Why You'll Love This Job
Key Responsibilities:
1. Authorization Management:
- Obtain and verify pre-certifications or referrals for medical procedures, surgeries, and tests as required by insurance providers.
- Collaborate with physicians, nurses, and other clinical staff to gather necessary clinical information for precertification requests.
- Track and monitor pending authorizations and re-authorizations.
2. Communication:
- Serve as a liaison between the medical staff, billing department, and insurance companies.
- Communicate with insurance providers to ensure timely submission and approval of requests.
- Notify clinical staff and patients of any issues or denials.
3. Documentation:
- Maintain detailed records of all communications and authorization documents.
- Update patient files with relevant pre-authorization information.
- Ensure accurate entry of authorization details into electronic health records or other tracking systems.
4. Billing Support:
- Assist the billing department in resolving claim denials related to lack of authorization.
- Provide necessary documentation or clinical information to support appeals when necessary.
5. Regulatory Compliance:
- Stay updated with changes in insurance policies and governmental regulations pertaining to pre-authorization.
- Ensure processes and procedures are compliant with regulations and industry best practices.

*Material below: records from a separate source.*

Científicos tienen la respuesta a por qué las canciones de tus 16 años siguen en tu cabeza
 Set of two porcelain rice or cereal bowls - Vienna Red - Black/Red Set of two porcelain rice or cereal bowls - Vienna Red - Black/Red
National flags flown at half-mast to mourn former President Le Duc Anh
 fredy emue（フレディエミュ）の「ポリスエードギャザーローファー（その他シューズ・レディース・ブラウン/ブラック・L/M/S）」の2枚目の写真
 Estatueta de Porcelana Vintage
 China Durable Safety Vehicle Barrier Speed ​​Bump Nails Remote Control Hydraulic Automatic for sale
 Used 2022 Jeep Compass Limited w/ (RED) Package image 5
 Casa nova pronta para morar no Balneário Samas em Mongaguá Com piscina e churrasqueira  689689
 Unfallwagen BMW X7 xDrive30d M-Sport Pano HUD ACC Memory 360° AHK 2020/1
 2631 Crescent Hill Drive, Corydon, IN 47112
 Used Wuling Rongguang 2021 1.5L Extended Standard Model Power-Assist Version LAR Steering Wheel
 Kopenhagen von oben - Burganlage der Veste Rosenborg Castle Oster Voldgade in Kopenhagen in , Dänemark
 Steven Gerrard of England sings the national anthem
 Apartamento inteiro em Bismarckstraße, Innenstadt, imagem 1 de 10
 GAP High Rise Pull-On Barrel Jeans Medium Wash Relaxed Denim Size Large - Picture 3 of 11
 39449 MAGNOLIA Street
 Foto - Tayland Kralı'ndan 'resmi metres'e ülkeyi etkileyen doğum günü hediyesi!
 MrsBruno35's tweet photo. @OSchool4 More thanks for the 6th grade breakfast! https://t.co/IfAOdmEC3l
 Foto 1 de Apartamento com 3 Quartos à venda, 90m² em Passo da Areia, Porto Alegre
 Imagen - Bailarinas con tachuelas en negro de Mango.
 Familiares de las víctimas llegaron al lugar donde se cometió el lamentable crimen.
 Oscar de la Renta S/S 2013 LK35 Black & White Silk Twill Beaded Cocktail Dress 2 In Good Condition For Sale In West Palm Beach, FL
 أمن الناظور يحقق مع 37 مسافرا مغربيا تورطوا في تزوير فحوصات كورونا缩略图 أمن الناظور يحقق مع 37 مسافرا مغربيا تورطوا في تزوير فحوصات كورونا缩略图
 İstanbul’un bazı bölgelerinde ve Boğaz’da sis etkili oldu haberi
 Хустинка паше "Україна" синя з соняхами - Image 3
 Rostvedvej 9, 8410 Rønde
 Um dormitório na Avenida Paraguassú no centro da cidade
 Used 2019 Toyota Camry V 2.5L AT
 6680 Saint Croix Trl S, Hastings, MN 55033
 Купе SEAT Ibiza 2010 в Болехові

6. Continuous Improvement:
- Monitor and analyze precertification process efficiency and recommend changes for improvement.
- Participate in training and professional development activities.
Qualifications:
- High school diploma required; Associate’s or Bachelor’s degree in a related field preferred.
- Experience in medical billing, insurance, or a related field.
- Familiarity with medical terminology.
- Strong organizational skills and attention to detail.
- Excellent communication skills, both verbal and written.
- Proficiency with electronic health record systems and office software.